Error when trying to compile the pre-quantized pytorch model

Hi Community, I am following tutorial: Deploy a Framework-prequantized Model with TVM — tvm 0.9.dev0 documentation to build a pre-quantized mobilenet v2 model. But it throws an error:

Traceback (most recent call last): File “pytorch_test_quant.py”, line 76, in test_compile(model_config) File “pytorch_test_quant.py”, line 60, in test_compile mod, params = relay.frontend.from_pytorch(script_module, input_shapes) File “/home/.local/lib/python3.8/site-packages/tvm-0.8.0-py3.8-linux-x86_64.egg/tvm/relay/frontend/pytorch.py”, line 3882, in from_pytorch input_scales_for_bias = qnn_torch.add_input_quant_params_to_op_inputs(graph) File “/home/.local/lib/python3.8/site-packages/tvm-0.8.0-py3.8-linux-x86_64.egg/tvm/relay/frontend/qnn_torch.py”, line 475, in add_input_quant_params_to_op_inputs scale, zp = _get_quant_param_for_input(node.inputsAt(i)) File “/home/.local/lib/python3.8/site-packages/tvm-0.8.0-py3.8-linux-x86_64.egg/tvm/relay/frontend/qnn_torch.py”, line 298, in _get_quant_param_for_input return dfs(input_value.node()) File “/home/.local/lib/python3.8/site-packages/tvm-0.8.0-py3.8-linux-x86_64.egg/tvm/relay/frontend/qnn_torch.py”, line 286, in dfs scale = current_node.inputsAt(indices[0]) RuntimeError: ArrayRef: invalid index Index = 6; Length = 6

Anyone comes across the same issue?

OK. I think it is caused by pytorch version.

If using torch==1.10.1 and torchvision==0.11.2, it will have this issue, and it will even fail the test: https://github.com/apache/tvm/blob/main/tests/python/frontend/pytorch/qnn_test.py

If I roll back to torch==1.7.0 and torchvision==0.8.1, the test works.

I saw the commit of upgrading torch to 1.10.1 in this commit: [Docker] Update to Torch 1.10.1 (#9781) · apache/tvm@b29a443 · GitHub

I wonder why the test for this commit has not failed.

Any comments? @masahi

Thanks!

Probably your TVM is not up-to-date.
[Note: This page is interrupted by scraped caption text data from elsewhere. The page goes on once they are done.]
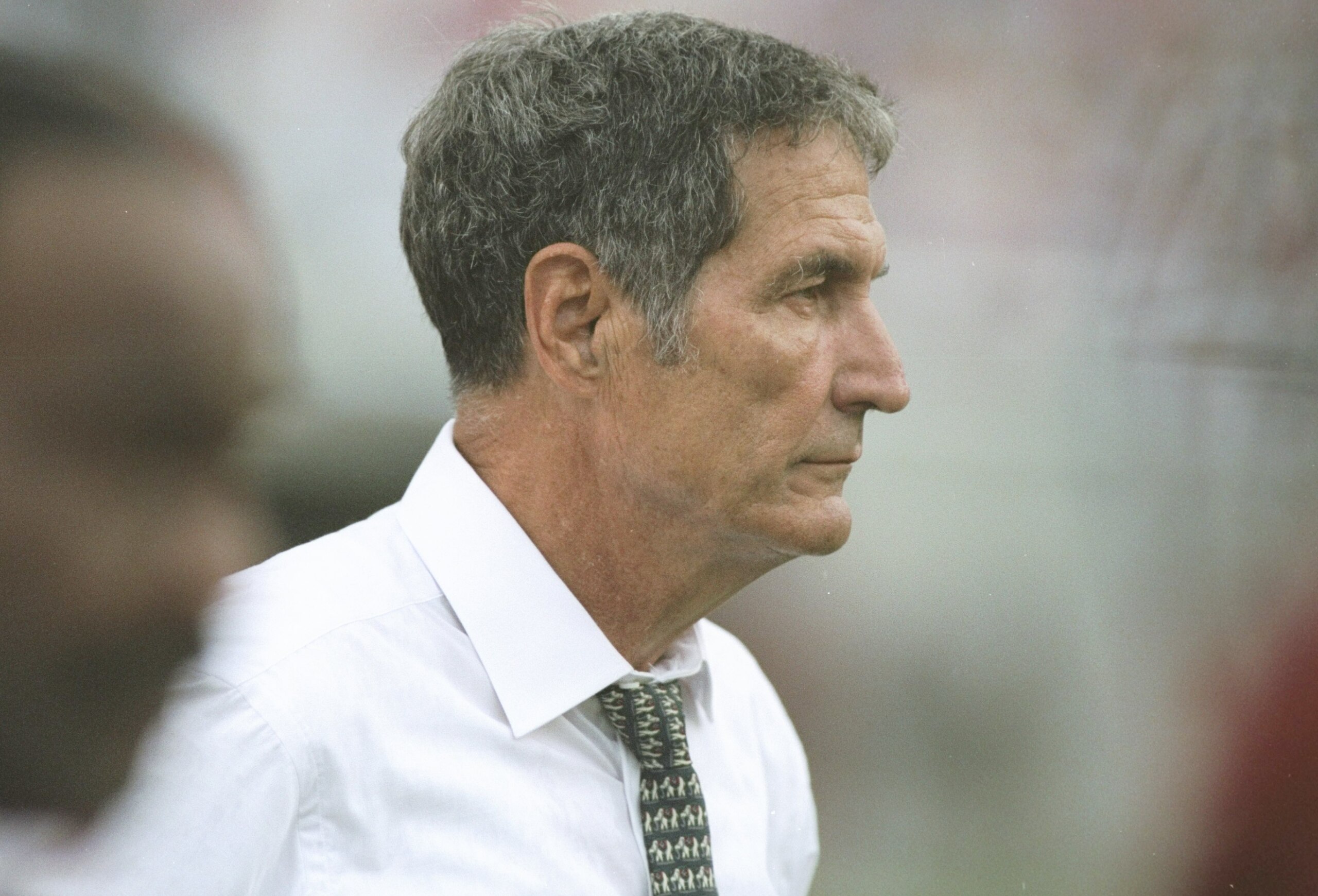 16 Sep 1995: Coach Gene Stallings of the Alabama Crimson Tide watches his players during a game against the Arkansas Razorbacks in Tucsawosa, Alabama. Arkansas won the game 20-19. 16 Sep 1995: Coach Gene Stallings of the Alabama Crimson Tide watches his players during a game against the Arkansas Razorbacks in Tucsawosa, Alabama. Arkansas won the game 20-19.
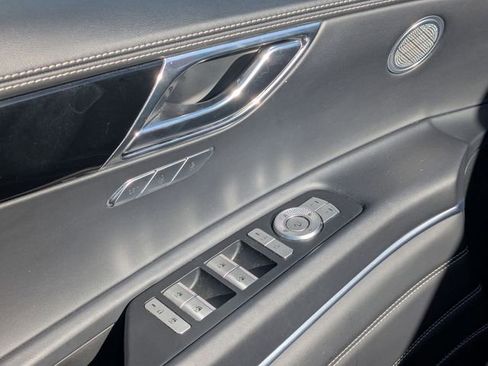 Used 2025 Genesis GV80 2.5T Standard image 14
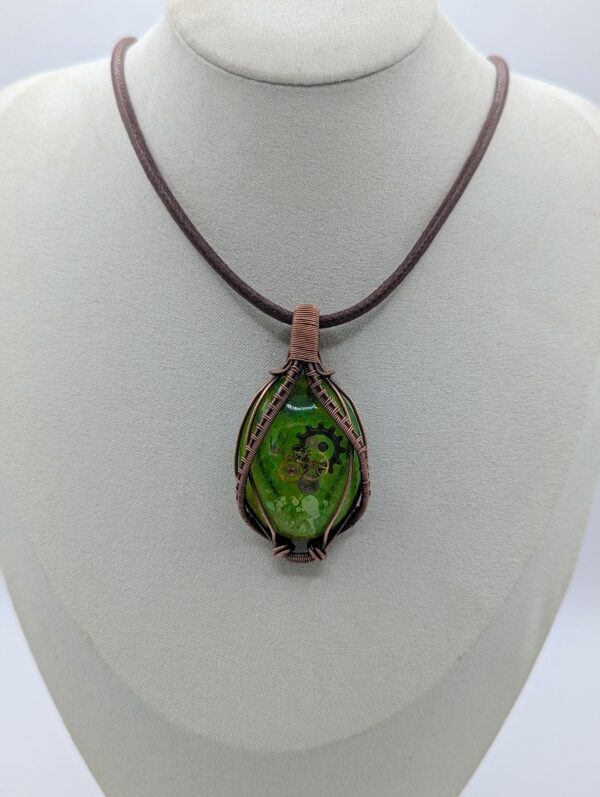 PXL_20251209_174054701~2 Ellipsium Toxine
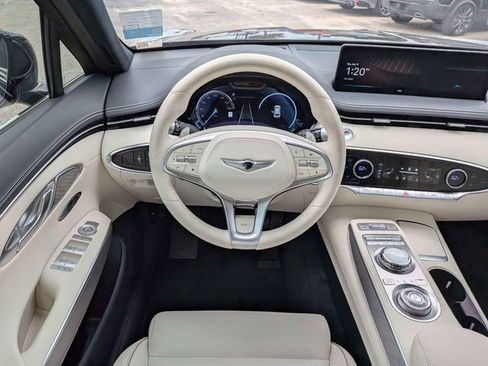 Used 2025 Genesis Electrified GV70 w/ Prestige Package AWD/4WD image 17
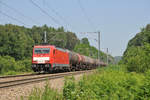 Die an DB Nederland vermietete 186 338-0 zog einen Kesselwagenzug von Aachen-West kommend in Richtung Montzen. Aufgenommen am 06/06/2018 im Gemmenicher Wald bei Moresnet-Chapelle.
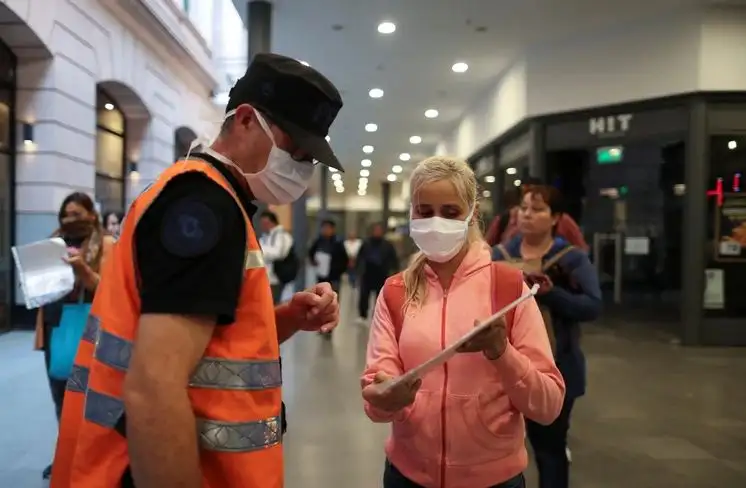 Confirmaron cinco nuevas muertes y 74 casos de coronavirus en la Argentina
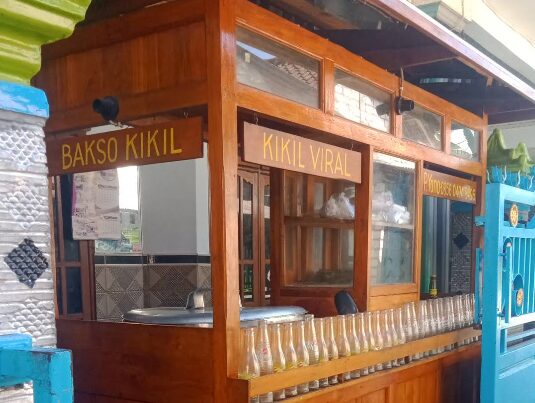 Lontong Kikil Cingur Viral Pak Yono di Lamongan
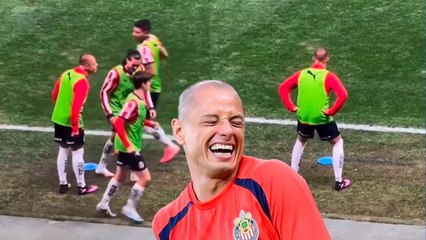 Chicharito y su peculiar forma de hacer sus calentamientos que se vuelve viral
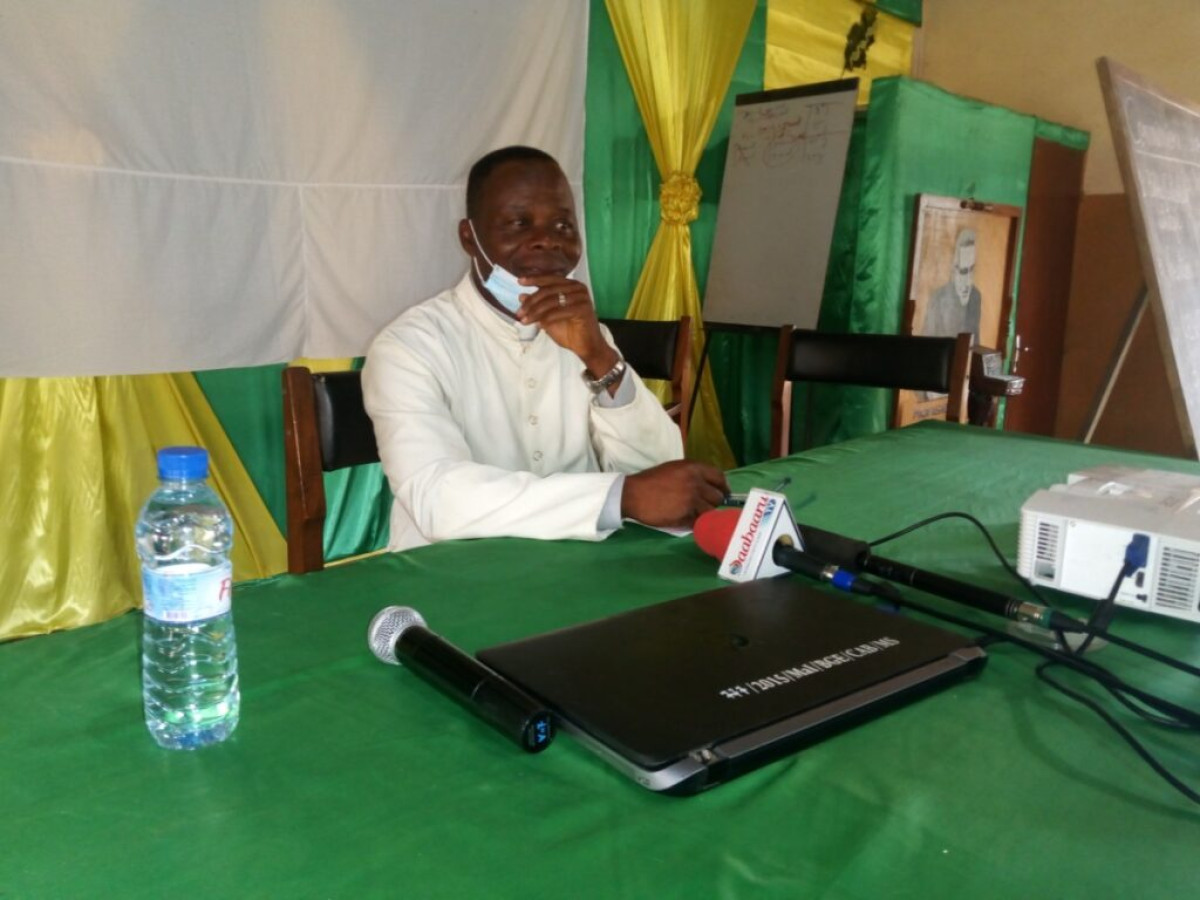 PREVENTION DU CORONAVIRUS PAR LE PSOE : L’archidiocèse de Parakou forme son personnel soignant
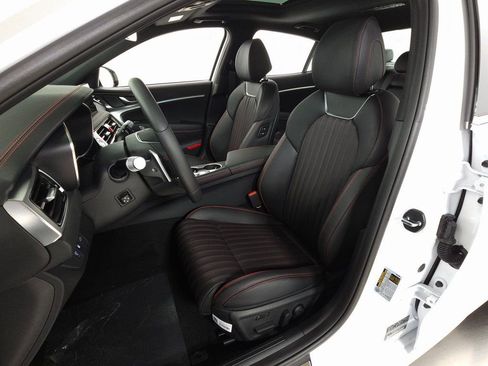 Used 2025 Genesis G70 3.3T Advanced image 13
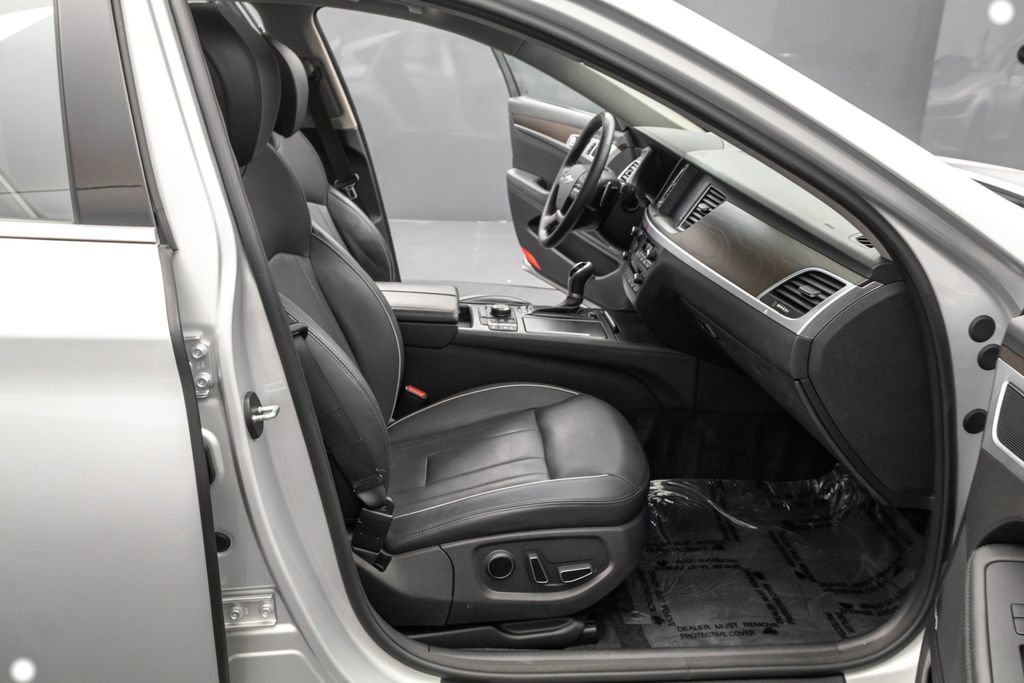 Used 2017 Genesis G80 3.8 w/ Option Group 03 image 40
The test runs on CI so it is supposed to work.

Got it. Thanks! I think I am on v0.8 official release, which probably did not include your change from last Dec.

I also experienced this issue and found that rolling back PyTorch helped, as an earlier comment said.

I looked at the versions used in the CI pipeline for v0.8 (which is what I’m using here). This can be a helpful heuristic for similar issues.